• [Task objective]: Print exactly the line with "Curren 8291 Men's" and every line after it, through the final line of the material below.

** Opening Given information block **

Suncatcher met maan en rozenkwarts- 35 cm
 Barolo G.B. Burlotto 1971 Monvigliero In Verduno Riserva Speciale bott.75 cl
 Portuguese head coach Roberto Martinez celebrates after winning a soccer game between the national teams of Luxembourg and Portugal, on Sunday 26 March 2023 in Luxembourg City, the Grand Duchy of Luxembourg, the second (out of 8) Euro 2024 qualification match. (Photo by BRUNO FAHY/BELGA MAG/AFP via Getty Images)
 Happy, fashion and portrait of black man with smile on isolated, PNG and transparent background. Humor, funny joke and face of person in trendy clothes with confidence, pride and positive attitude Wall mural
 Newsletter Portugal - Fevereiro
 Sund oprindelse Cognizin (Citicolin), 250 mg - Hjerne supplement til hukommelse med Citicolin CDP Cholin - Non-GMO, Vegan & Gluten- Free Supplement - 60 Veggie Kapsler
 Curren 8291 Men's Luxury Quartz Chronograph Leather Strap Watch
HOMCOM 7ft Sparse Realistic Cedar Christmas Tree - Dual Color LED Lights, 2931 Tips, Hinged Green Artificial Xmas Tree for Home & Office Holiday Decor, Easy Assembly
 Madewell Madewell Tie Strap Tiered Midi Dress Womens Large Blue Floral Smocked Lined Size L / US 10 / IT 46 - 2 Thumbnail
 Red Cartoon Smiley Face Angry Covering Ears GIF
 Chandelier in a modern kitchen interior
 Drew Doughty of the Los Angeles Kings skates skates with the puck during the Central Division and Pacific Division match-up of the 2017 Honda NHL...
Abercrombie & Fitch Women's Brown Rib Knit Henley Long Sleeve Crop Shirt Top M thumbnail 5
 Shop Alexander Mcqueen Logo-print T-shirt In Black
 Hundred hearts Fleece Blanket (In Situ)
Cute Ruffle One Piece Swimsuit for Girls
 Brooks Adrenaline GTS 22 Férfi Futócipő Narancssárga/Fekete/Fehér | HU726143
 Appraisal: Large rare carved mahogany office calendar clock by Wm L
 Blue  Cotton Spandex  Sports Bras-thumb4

** Closing Given information block **

• [Answer to this exercise]:
 Curren 8291 Men's Luxury Quartz Chronograph Leather Strap Watch
HOMCOM 7ft Sparse Realistic Cedar Christmas Tree - Dual Color LED Lights, 2931 Tips, Hinged Green Artificial Xmas Tree for Home & Office Holiday Decor, Easy Assembly
 Madewell Madewell Tie Strap Tiered Midi Dress Womens Large Blue Floral Smocked Lined Size L / US 10 / IT 46 - 2 Thumbnail
 Red Cartoon Smiley Face Angry Covering Ears GIF
 Chandelier in a modern kitchen interior
 Drew Doughty of the Los Angeles Kings skates skates with the puck during the Central Division and Pacific Division match-up of the 2017 Honda NHL...
Abercrombie & Fitch Women's Brown Rib Knit Henley Long Sleeve Crop Shirt Top M thumbnail 5
 Shop Alexander Mcqueen Logo-print T-shirt In Black
 Hundred hearts Fleece Blanket (In Situ)
Cute Ruffle One Piece Swimsuit for Girls
 Brooks Adrenaline GTS 22 Férfi Futócipő Narancssárga/Fekete/Fehér | HU726143
 Appraisal: Large rare carved mahogany office calendar clock by Wm L
 Blue  Cotton Spandex  Sports Bras-thumb4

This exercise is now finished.